A substation in the Sewaren section of Woodbridge crashed yesterday, blowing the power for customers in portions of Woodbridge Proper, Port Reading, Carteret, Linden, Metuchen, Union, Elizabeth, Kenilworth, Perth Amboy, Roselle, Roselle Park, Westfield, Clark, Edison, and Rahway.
While 20,000 of those who lost their service got it back by 8 p.m. Thursday, there were still some who hadn't had their electricity restored.
LaRossa was aware of the circuit issues that turned off the juice to homeowners who had had their service restored since Sandy, but lost it again.
"We're going to have crews in that area. We'll see big progress" in restoring service, he said.
Another issue LaRossa addressed was the communication between the utility company and mayors in the service area where power was lost.
"The mayor issue has been the biggest challenge from a communications standpoint," LaRossa said. "Many of them are unpaid and want to help out their neighbors. The information we provide may be accurate when we give it to them, but maybe later in the day they talk to a crew they see and get different information.
"It's impossible for us to be 'real-time' for 236 municipalities across the state."
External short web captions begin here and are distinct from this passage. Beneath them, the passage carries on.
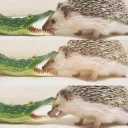 Стикер Ёжики - 1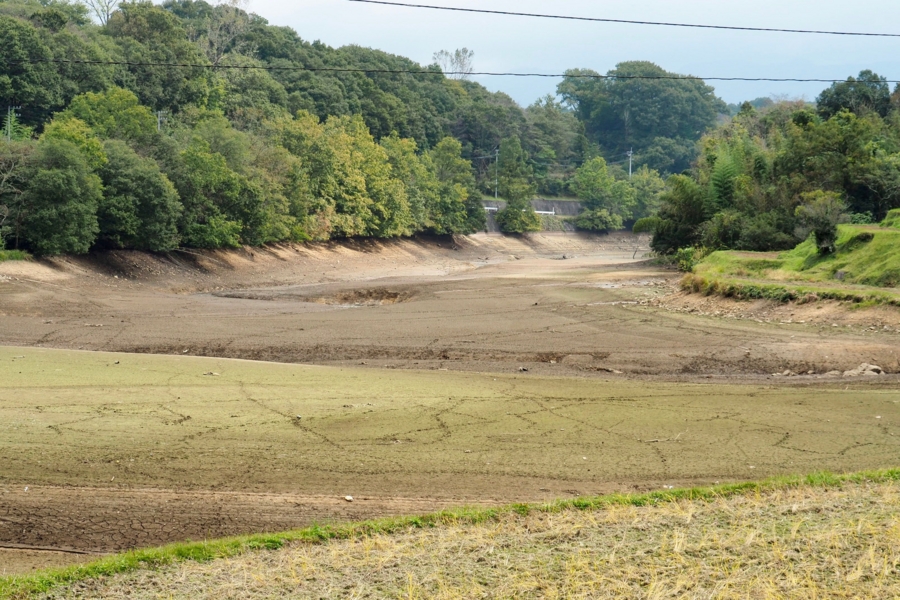 f:id:cippillo:20161109140938j:plain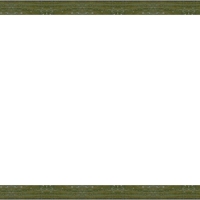 S 2038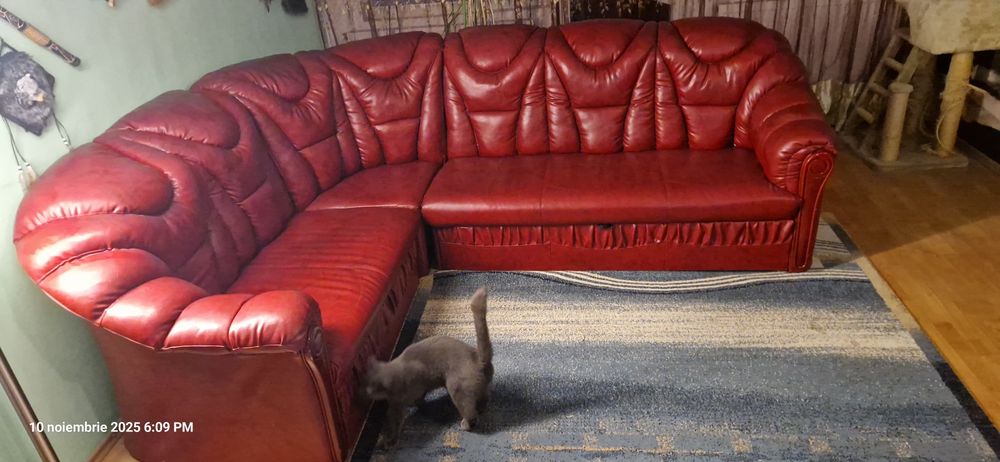 Coltar piele ecologică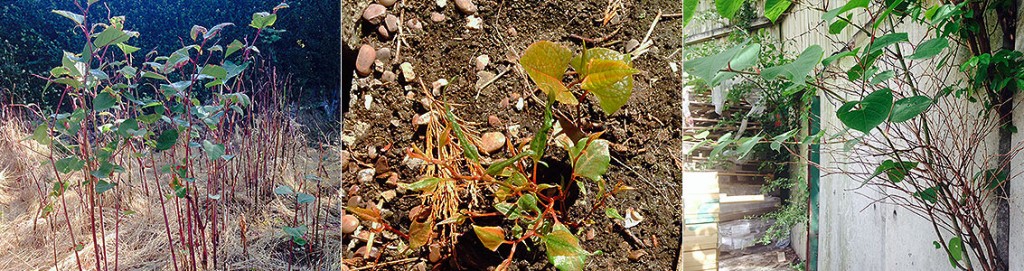 Getting a Mortgage with Japanese Knotweed Getting a Mortgage with Japanese Knotweed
Part of the reason for the lack of up-to-date information is because none of the out-of-state linemen have the "smart" equipment PSEG employees use. They process all of their updates with written reports that have to be entered into the system at the end of the workday; work that they do simply doesn't show up until it's inputed into the system, LaRossa said.
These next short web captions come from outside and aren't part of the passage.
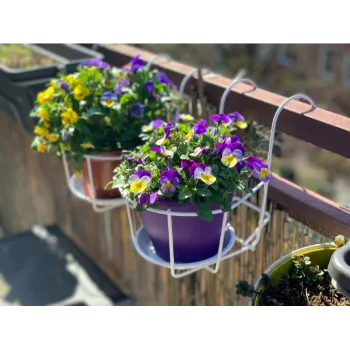 Pansy Plants pansy plants-5071841-63276.webp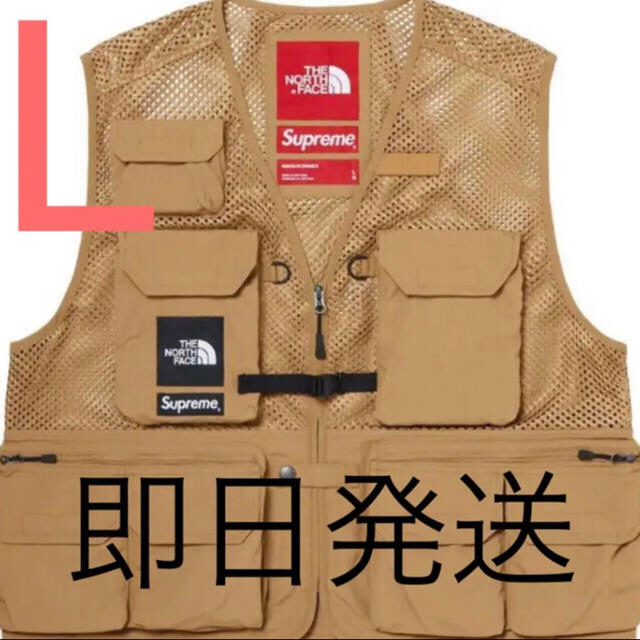 Supreme × THE NORTH FACE Cargo Vest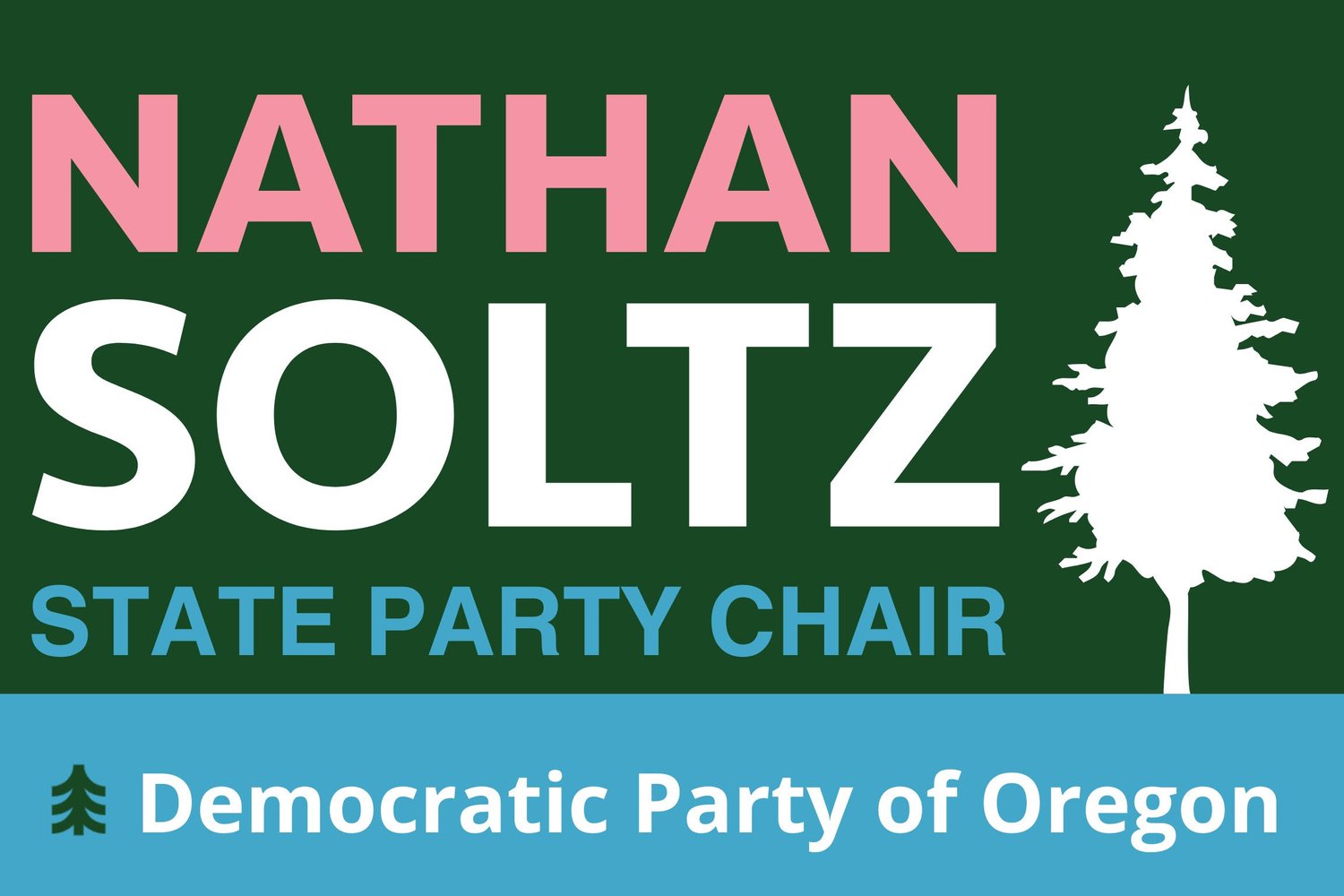 Nathan for DPO Chair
"We'll try to work on the technology," he added.
The PSEG president said he still felt for the one percent of the company's customers who were still without power.
"There is no way I can prevent everything from happening. Mother Nature certainly dealt us a bad hand in the region," LaRossa said of the double whammy of Hurricane Sandy and Nor'easter Athena coming back-to-back.
When Sandy came through the region he said they'd have service back to customers by Nov. 9, a promise he said they put off only by a day because of the problems caused by the unanticipated winter storm on Wednesday.
For the one percent without power, LaRossa said, "I certainly feel bad. But I know my kids would be real happy getting a ninety-nine in school."